In the present issue of BJUI, Clèment-Zhao et al.  have evaluated the safety profile of a 2-weekly regime of cabazitaxel (CBZ) at a dose of 16 mg/m2 in 43 patients with progressing, metastatic castration-resistant prostate cancer (mCRPC). Treatment was planned to have been delivered for a total of six cycles, with each cycle consisting of two 2-weekly applications of CBZ. The majority of patients had already received two life-extending systemic therapies, such as docetaxel and abiraterone acetate. Despite the prophylactic use of granulocyte colony-stimulating factor (G-CSF), 11.6% and 4.7% of patients developed grade ≥3 neutropenia or febrile neutropenia, respectively, and one patient even died from treatment-related toxicities. Only 75% of the scheduled six cycles could be delivered, although dose reduction of 20% was carried out in 37.2% of the patients. The authors recommend this type of treatment for elderly and frail patients and they provide the reader with the impression that the delivery of such a toxic regime in elderly and frail patients is accordance with the guidelines .
Based on the International Society of Geriatric Oncology (SIOG) guidelines , it is evident that the term ‘frailty’ requires a dedicated and sophisticated geriatric assessment using, for example, the G8 questionnaire. If a score <14 is calculated on this questionnaire, and the patients have been identified as having irreversible impairment, an intensive geriatric intervention might be undertaken to correct the underlying comorbidities. Only in the presence of correctable comorbidities should an adapted cancer therapy be initiated, while in their absence best supportive care seems to be the optimal approach. Of the 43 patients in the present phase II trial, none underwent a geriatric assessment and three-quarters of the patients had an Eastern Cooperative Oncology Group (ECOG) performance status of 0–1; therefore, only a minority of the treated patients represented frail patients, and conclusions should be drawn with great caution, also considering the relatively low number of patients recruited.
The frequency of 11.6% and 4.7% of grade 3/4 neutropenia and neutropenic fever, respectively, and an overall frequency of 34.9% grade 3/4 treatment-emergent adverse events is still quite high compared with the data from studies on the German Early-Access Programme (EAP) and the European EAP on CBZ, which included 111 and 746 patients with similar disease characteristics, of whom 7.2% and 15%, respectively, developed grade ≥3 neutropenia, despite non-regular use of G-CSF [3, 4].
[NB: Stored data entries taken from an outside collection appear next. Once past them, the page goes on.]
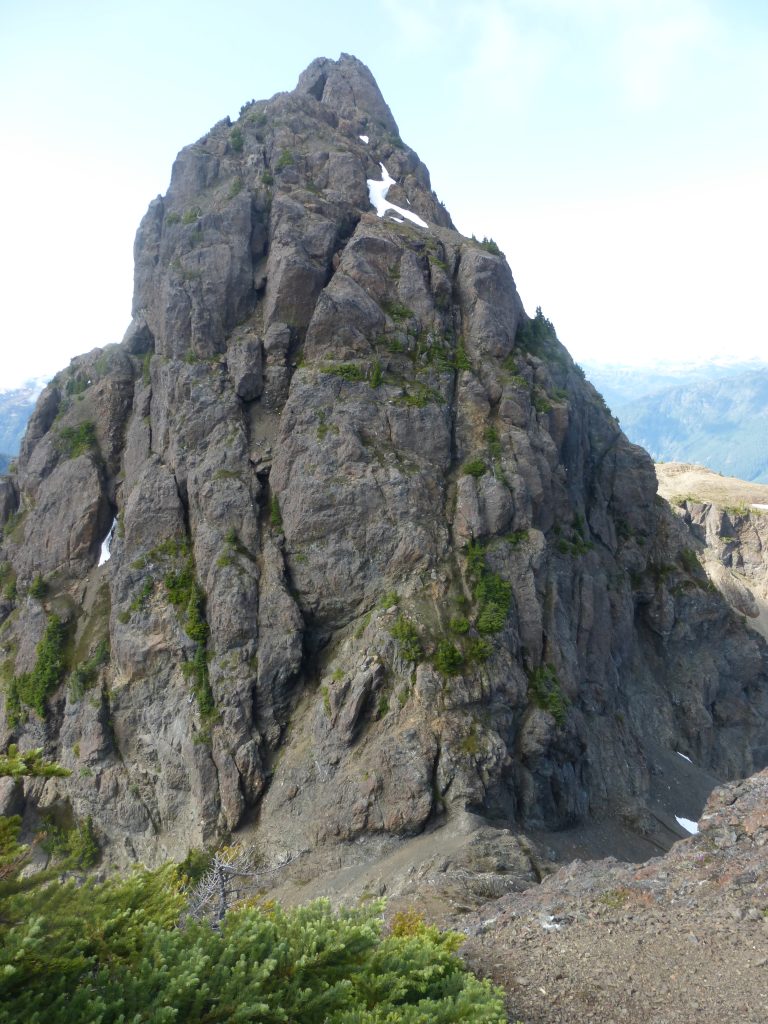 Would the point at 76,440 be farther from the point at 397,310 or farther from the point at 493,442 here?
the point at 493,442

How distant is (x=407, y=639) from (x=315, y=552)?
871 cm

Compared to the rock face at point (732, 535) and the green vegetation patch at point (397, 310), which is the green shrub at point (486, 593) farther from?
the rock face at point (732, 535)

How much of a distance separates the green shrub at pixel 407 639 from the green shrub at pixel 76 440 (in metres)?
28.3

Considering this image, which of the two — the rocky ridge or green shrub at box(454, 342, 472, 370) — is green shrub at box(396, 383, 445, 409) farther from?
the rocky ridge

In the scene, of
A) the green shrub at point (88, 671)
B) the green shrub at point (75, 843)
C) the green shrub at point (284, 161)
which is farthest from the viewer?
the green shrub at point (284, 161)

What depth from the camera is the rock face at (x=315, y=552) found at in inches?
1430

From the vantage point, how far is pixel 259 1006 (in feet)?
34.8

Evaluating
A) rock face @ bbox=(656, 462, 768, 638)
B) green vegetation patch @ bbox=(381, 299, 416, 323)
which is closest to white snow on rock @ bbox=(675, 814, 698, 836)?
green vegetation patch @ bbox=(381, 299, 416, 323)

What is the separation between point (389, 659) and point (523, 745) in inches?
352

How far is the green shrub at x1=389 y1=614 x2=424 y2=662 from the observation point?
35.8 meters

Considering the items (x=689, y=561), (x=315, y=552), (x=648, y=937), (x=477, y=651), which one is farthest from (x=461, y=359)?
(x=648, y=937)

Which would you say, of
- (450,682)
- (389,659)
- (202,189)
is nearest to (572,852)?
(450,682)

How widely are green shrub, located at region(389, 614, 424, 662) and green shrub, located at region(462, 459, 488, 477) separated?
10.9 meters

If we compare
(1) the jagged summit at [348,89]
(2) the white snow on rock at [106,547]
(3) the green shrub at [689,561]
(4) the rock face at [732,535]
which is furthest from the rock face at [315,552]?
(4) the rock face at [732,535] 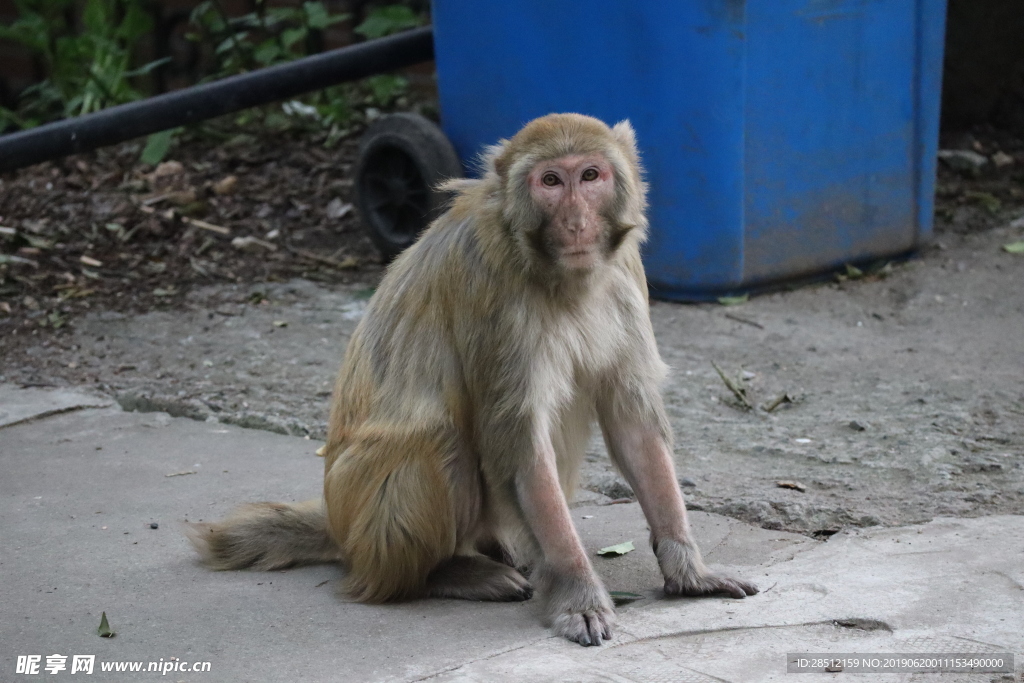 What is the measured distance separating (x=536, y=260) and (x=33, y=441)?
8.09ft

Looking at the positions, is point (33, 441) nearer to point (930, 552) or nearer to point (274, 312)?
point (274, 312)

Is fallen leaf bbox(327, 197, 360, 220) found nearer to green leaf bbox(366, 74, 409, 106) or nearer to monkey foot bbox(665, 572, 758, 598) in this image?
green leaf bbox(366, 74, 409, 106)

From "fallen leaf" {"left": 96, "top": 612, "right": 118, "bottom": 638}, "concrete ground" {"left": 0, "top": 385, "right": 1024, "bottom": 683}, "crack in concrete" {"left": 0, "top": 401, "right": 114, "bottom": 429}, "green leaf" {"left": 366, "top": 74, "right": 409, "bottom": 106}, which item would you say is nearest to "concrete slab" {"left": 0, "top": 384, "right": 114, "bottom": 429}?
"crack in concrete" {"left": 0, "top": 401, "right": 114, "bottom": 429}

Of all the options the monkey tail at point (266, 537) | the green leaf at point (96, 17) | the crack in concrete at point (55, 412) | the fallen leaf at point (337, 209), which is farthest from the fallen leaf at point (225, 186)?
the monkey tail at point (266, 537)

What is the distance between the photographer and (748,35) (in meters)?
5.72

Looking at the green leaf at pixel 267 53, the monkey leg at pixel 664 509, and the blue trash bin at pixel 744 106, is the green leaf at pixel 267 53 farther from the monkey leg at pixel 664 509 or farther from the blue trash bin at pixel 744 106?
the monkey leg at pixel 664 509

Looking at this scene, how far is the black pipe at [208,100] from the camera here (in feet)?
20.6

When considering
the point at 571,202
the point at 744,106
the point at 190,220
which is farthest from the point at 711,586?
the point at 190,220

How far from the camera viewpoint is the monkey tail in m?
3.68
Several factors might have contributed to the relatively high frequency of treatment-emergent adverse events in the present study. Firstly, the cumulative CBZ dose was 144 mg/m2 in the present study as compared with 100 mg/m2 in the European EAP and 162.5 mg/m2 in the German EAP, so that there was not a significant reduction in dose despite the lower dose delivered at each cycle. This might have contributed to impairment of bone marrow function over time. Secondly, bone marrow reserve appeared to differ among treated patients: ~50% of patients already had neutrophil counts below the normal values. As we have shown recently, neutrophil counts <4 000/mm3 were associated with an odds ratio of 1.73 (95% CI 1.25–2.39; P < 0.001) for developing grade 3/4 neutropenia . Thirdly, age ≥75 years, but not age <75 years or ECOG performance status ≥2, was associated with a 1.66-fold (95% CI 1.09–5.52; P = 0.018) increased risk of significant neutropenia in the above-mentioned studies [3, 4]; however, it is unclear how many patients were aged >75 years in the present study.
As a result of these factors, it is still necessary to carefully select elderly patients with mCRPC prior to the recommendation of cytotoxic CBZ therapy, even at a reduced dose. Despite the fact that there is some weak evidence that severe neutropenia might be associated with a survival benefit, we need to bear in mind that this evidence is from post hoc analysis of fit and non-elderly patients recruited in the TROPIC trial . We have no meaningfuldata from a cohort of elderly and vulnerable/frail patients and we have no data at all on quality of life in these patients; therefore, we should not overtreat and we should only consider frail and elderly patients with mCRPC for CBZ treatment if they have undergone geriatric assessment that has shown correctable comorbidities. Otherwise, there are numerous other treatment options in addition to chemotherapy, including best supportive care .
With regard to therapeutic efficacy, we always find it difficult to report median overall survival times of 15.2 months when the median follow-up time is only 12.9 months.